■ Task objective: In the data below, find the line containing "#GomoKelateGomo https://t.co/gjdYl8Qqho", then set down that line and every later line up to and including the line containing "2nd image of 1001 W Main St", exactly.

■ Records for the task:

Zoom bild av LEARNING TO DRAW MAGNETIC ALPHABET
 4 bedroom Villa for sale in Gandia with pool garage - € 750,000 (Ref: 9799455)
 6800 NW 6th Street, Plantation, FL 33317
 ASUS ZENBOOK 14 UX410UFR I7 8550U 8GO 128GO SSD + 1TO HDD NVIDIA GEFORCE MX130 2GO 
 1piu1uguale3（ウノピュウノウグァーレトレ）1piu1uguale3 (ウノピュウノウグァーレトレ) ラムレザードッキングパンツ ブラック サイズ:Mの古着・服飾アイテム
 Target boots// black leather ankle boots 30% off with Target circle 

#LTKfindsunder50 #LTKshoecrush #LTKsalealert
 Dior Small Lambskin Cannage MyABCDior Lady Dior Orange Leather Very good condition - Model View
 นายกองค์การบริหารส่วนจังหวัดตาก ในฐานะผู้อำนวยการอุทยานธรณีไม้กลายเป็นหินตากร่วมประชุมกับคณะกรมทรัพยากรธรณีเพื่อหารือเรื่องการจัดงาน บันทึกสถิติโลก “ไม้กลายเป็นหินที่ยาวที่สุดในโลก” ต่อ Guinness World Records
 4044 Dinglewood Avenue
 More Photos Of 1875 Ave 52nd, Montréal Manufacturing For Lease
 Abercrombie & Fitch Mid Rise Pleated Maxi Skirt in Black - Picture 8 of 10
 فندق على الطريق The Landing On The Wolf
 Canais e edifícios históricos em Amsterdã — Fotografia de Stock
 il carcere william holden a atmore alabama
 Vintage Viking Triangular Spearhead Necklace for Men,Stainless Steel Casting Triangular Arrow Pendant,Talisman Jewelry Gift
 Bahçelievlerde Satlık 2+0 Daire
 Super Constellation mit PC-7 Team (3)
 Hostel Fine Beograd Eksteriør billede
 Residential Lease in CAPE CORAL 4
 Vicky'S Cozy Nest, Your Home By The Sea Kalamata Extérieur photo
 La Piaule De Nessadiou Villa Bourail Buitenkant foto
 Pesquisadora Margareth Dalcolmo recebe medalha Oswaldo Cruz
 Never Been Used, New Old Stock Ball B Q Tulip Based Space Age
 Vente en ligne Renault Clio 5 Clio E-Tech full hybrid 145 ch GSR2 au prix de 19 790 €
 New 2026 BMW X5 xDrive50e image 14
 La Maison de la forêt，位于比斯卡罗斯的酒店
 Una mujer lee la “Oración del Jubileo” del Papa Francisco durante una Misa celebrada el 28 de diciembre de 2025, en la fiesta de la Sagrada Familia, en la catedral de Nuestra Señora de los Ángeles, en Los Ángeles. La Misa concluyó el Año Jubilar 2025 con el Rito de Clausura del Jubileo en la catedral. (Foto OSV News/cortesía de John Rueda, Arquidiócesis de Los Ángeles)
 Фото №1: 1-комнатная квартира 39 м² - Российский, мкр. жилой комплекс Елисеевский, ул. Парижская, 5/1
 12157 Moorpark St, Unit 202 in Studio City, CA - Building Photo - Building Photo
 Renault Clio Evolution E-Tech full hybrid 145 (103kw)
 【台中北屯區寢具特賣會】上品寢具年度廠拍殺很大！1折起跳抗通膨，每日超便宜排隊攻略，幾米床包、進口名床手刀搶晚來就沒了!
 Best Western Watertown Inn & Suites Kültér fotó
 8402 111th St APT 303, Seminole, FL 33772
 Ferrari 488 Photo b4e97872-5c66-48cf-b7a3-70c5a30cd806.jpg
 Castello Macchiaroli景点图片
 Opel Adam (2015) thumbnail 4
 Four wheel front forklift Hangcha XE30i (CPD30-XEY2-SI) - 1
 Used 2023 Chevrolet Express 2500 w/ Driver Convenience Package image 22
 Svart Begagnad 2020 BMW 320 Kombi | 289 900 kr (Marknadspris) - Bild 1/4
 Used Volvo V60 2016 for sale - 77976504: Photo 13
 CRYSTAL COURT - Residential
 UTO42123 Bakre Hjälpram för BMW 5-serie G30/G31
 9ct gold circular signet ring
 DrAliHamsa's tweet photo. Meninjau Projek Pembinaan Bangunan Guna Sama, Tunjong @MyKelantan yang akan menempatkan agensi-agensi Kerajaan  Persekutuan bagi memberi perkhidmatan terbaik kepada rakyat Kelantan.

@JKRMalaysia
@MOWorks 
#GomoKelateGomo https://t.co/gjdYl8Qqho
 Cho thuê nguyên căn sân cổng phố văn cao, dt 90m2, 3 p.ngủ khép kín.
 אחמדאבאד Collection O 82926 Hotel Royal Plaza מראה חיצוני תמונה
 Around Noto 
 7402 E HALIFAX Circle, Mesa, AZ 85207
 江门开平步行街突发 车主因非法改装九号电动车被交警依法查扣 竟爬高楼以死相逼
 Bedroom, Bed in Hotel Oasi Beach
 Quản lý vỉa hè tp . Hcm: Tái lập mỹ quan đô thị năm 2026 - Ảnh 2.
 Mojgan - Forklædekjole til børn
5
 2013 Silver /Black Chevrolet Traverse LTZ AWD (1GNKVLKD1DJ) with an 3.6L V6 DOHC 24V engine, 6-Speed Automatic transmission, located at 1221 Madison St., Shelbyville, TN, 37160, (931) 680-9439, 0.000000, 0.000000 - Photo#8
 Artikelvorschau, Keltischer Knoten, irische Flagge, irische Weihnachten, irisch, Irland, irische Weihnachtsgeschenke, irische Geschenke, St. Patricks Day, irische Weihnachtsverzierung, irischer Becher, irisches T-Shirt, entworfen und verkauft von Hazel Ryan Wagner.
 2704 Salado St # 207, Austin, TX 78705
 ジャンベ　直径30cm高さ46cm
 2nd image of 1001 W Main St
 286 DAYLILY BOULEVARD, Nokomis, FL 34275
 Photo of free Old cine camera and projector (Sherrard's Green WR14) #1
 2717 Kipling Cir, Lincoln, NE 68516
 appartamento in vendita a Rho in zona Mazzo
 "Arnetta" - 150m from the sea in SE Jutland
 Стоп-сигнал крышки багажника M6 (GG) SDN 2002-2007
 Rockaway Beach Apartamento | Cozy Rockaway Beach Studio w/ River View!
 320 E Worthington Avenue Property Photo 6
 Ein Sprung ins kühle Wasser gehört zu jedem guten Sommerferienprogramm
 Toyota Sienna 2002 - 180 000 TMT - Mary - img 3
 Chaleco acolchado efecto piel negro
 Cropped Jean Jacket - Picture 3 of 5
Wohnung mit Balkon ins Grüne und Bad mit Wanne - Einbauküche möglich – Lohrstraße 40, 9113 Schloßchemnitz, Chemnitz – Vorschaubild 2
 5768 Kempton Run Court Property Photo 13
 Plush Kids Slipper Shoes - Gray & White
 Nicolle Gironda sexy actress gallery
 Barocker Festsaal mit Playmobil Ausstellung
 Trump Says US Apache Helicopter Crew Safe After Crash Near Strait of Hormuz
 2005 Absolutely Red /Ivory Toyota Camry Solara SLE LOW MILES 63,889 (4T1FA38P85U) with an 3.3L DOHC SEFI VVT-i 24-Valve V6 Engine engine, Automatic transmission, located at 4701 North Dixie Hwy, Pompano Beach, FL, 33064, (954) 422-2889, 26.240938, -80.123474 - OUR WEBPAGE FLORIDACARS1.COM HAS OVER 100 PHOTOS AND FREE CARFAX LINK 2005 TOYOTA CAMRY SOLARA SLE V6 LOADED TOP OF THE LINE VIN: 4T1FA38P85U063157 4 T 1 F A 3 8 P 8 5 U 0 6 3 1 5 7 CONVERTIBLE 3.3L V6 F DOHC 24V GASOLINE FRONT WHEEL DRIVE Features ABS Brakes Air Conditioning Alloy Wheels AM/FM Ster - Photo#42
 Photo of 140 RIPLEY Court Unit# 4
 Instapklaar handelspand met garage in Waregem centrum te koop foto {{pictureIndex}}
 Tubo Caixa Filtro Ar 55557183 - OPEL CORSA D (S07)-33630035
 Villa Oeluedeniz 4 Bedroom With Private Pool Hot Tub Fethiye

■ Response for this exercise:
#GomoKelateGomo https://t.co/gjdYl8Qqho
 Cho thuê nguyên căn sân cổng phố văn cao, dt 90m2, 3 p.ngủ khép kín.
 אחמדאבאד Collection O 82926 Hotel Royal Plaza מראה חיצוני תמונה
 Around Noto 
 7402 E HALIFAX Circle, Mesa, AZ 85207
 江门开平步行街突发 车主因非法改装九号电动车被交警依法查扣 竟爬高楼以死相逼
 Bedroom, Bed in Hotel Oasi Beach
 Quản lý vỉa hè tp . Hcm: Tái lập mỹ quan đô thị năm 2026 - Ảnh 2.
 Mojgan - Forklædekjole til børn
5
 2013 Silver /Black Chevrolet Traverse LTZ AWD (1GNKVLKD1DJ) with an 3.6L V6 DOHC 24V engine, 6-Speed Automatic transmission, located at 1221 Madison St., Shelbyville, TN, 37160, (931) 680-9439, 0.000000, 0.000000 - Photo#8
 Artikelvorschau, Keltischer Knoten, irische Flagge, irische Weihnachten, irisch, Irland, irische Weihnachtsgeschenke, irische Geschenke, St. Patricks Day, irische Weihnachtsverzierung, irischer Becher, irisches T-Shirt, entworfen und verkauft von Hazel Ryan Wagner.
 2704 Salado St # 207, Austin, TX 78705
 ジャンベ　直径30cm高さ46cm
 2nd image of 1001 W Main St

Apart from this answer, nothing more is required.